Now Reading
Chinwe Kalu: My Vicious Mothering Cycle

Chinwe Kalu: My Vicious Mothering Cycle

I like to think of myself as a trendy, intelligent and knowledgeable mum. Recently, one of my children announced to me, ‘Mummy you know everything’. I felt so flattered but my feelings were short lived.

Why do children like to make their mums feel they belong to another age? I experience one thing or the other that makes me feel maybe they are right. My son was talking about his dad being a good, hard working man, guess what he said? ‘Daddy is a beast!’ Whaaattttt? Then, he quickly adds, ‘Mummy, it’s not what you think’.

What about when I am watching a movie or show? If I miss a part of the movie and ask, nobody responds. It feels like I’m a stupid irritant who should be ignored. When I start to make a fuss or threaten to change the channel to TBN, one of them suddenly says, ‘But Mummy, you were watching it with us’, as if asking questions is the most stupid thing to do.

I was on a flight and the entertainment was out of this world for me- the best of Diana Ross is a treat for me anytime- Ain’t No Mountain High Enough, and the like.
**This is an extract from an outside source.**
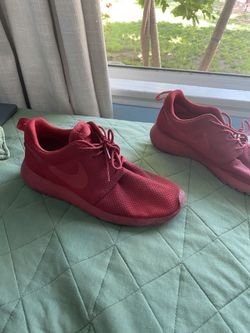Nike 8.5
I was sitting beside my then seven year old last child when someone suddenly tapped me, ‘ Mummy, you’re freaking me out’. What did I do? I was singing out loud. She still talks about it two years later. ‘Never sit beside mummy in a plane’. What is wrong with singing my favorite tunes? Why did she make me feel stupid for singing my favourite song? To think they ran to the same stupid mummy when they have challenges with their Math or Science. Whenever any of them says, ‘Mummy, I need your help’, I tell them, ‘You mean I can still be of use?’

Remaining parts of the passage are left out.